He wonders, despairingly, what Kakyoin would think if he knew whose hands he was playing into, by dreaming that one particular dream. Whose ends he'd be achieving, really. The world he would unleash — and how it almost assuredly would not have him in it after all.]
Then why don't you just get rid of me?
[He doesn't want to cross over. He doesn't. So he tries to stop, tries to hesitate and stall having to do it for as long as he can.]
There's no duels without me. Why not make it so I don't exist?
[ That's the second time. Twice, now, he's tried to offer himself as a substitute for this. It's new information, and he doesn't like what it implies. That there's something he doesn't know. Something he's missing. A purpose to all of this, greater than the quest for Heaven. ]
I don't think I could.
[ The shimenawa stretch out like a web in front of him as if they could deter him, green and white and gleaming. He doesn't stop again, just walks forward. Lets them break against him as he pulls them too tight. Lets them float away in fragments of dying green light. ]
I havn't tested it yet, at far as I know. But it would be too easy, wouldn't it? To just die here and be gone. Maybe Adrian could. He's the only one who came here. The only one who hasn't always been here. Maybe he could leave. But I don't think that I can. And I don't think that you can.

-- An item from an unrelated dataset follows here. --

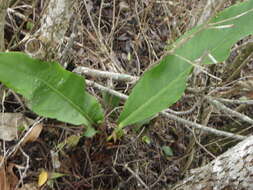 Image of Anthurium schlechtendalii subsp. schlechtendalii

[ His voice is still calm. It's hard to tell, by now, where icy, still anger ends and careful consideration of new information begins. ]
I could wish you away, perhaps. But it seems unwise. Perhaps it would count as giving up possession of you, to want you gone. Even if it didn't-
[ He twists the ring on his finger. It really doesn't fit. The further they move up the steps, the slower the fibres of the green ropes float downward. Until they just stop in place. Until they're moving upward. Gravity. Something about gravity. ]
-It seems too small, doesn't it? To want a world where everyone is meaningless. You don't cure a sickness by infecting everyone else.
You make it sound like such a bad thing. Being meaningless.
[Slowly, grudgingly, he takes one step forward — as little as he can get away with while still being obedient.]
Taking someone's ring doesn't make you a duelist. It doesn't give you the right to own me. Do you really want to take the chance that you'll find someone else's heaven, and not your own?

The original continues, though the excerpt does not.